WRGG-LP
- Greencastle, Pennsylvania; United States;
- Broadcast area: Greencastle; Antrim Township; Waynecastle;
- Frequency: 93.7 MHz
- Branding: WRGG 93.7 FM

Programming
- Format: Full-service and oldies

Ownership
- Owner: WRGG Good Companion Radio

History
- First air date: June 14, 2016

Technical information
- Licensing authority: FCC
- Facility ID: 197436
- Class: L1
- ERP: 29 watts
- HAAT: 55 meters (180 ft)
- Transmitter coordinates: 39°47′28.66″N 77°40′30.03″W﻿ / ﻿39.7912944°N 77.6750083°W

Links
- Public license information: LMS
- Webcast: Listen live
- Website: www.wrgg.org

= WRGG-LP =

WRGG-LP is a full-service and oldies broadcast radio station licensed to Greencastle, Pennsylvania, serving Greencastle, Antrim Township, and southern Franklin County in Pennsylvania. WRGG-LP is owned and operated by WRGG Good Companion Radio.

==History==
The Greencastle-Antrim Education Foundation filed its application for a construction permit with the Federal Communications Commission (FCC), to begin the process of building WRGG-LP, on February 19, 2014. A significant grant from The Shockey Family Foundation allowed the station to quickly begin construction. A "license to cover" was granted by the FCC on June 7, 2016, allowing WRGG-LP to begin broadcasting. The station broadcast for the first time on June 14, 2016. Greencastle Mayor Robert E. Eberly was featured on the station's first day of programming, "congratulat[ing] the radio committee and others involved in the station's startup".
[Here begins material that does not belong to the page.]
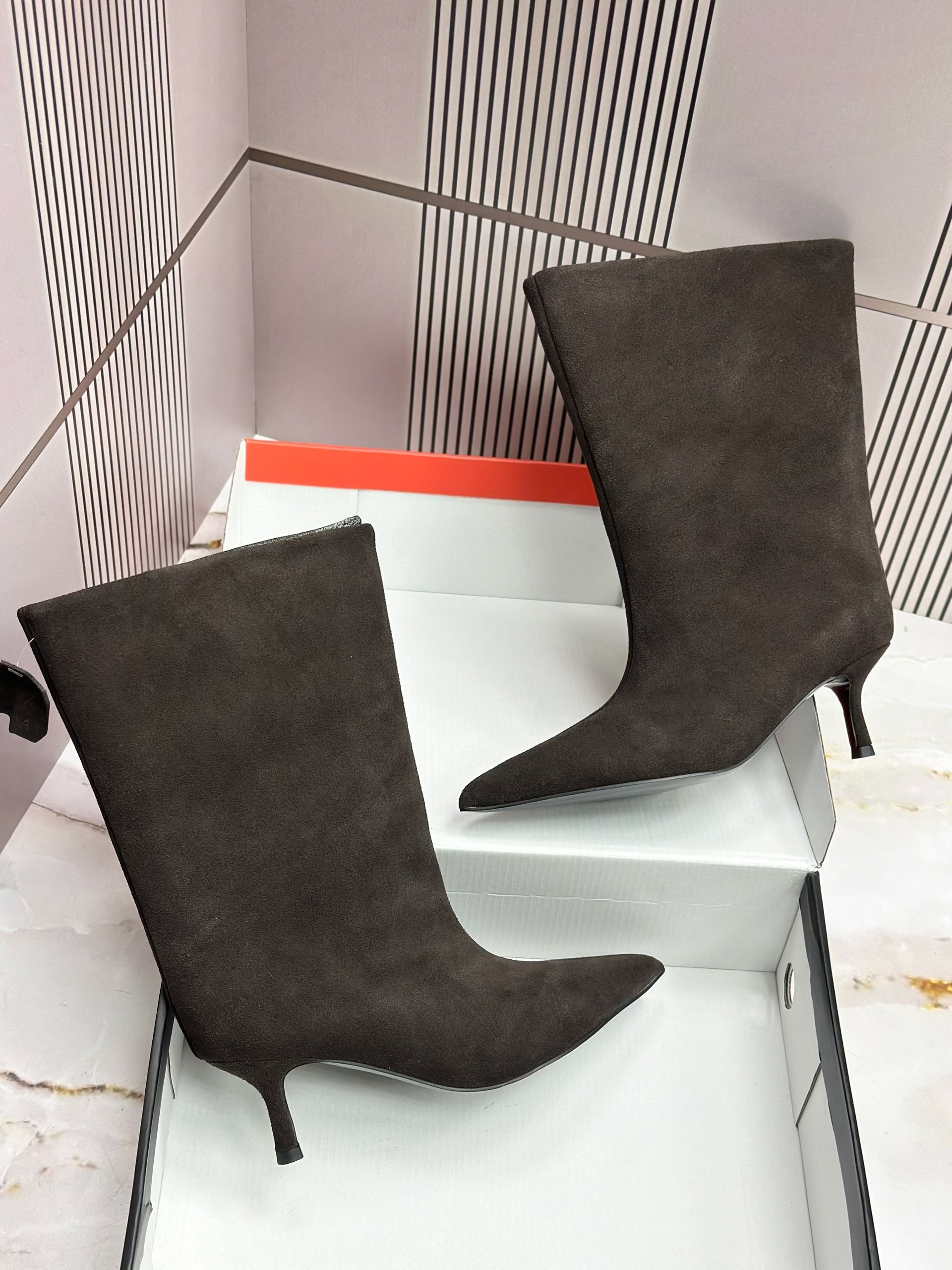 ,короткие сапоги,женские ботильоны,замшевые ботильоны, женская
Many aspects of WRGG-LP come from former Greencastle station WKSL, now WQCM. The original idea for a community radio station came from the former town radio station WKSL. WKSL carried a "good companion" format, which featured Country Music and Christian radio shows. The transmitting antenna for WRGG-LP was placed on the former broadcast tower of WKSL. Ben Thomas, Sr., the father of WRGG-LP committee member and co-founder Ben Thomas, Jr., founded WKSL in 1969. Fellow committee members and co-founders Wade Burkholder, who was one of the original staff members of WKSL, and Dr. C. Gregory Hoover, retired Superintendent of Schools for the Greencastle-Antrim School District, trace their radio roots to WKSL.

WRGG-LP's license has since been transferred to WRGG Good Companion Radio.

==Programming==
The station features "hyperlocal" news, sports, community events and information from a team of volunteers. Along with the emphasis on news, sports and information, an Oldies format, with music from the 1950s, 60s and 70's is featured. The station also features "speciality shows" after 6:00 pm which includes locally produced programs featuring a wide variety of music and talk shows.

==Location==
The studios of WRGG-LP, located at 113 South Carlisle Street in Greencastle, were donated to the Greencastle-Antrim Education Foundation by committee member and co-founder Wade Burkholder and his wife Linda.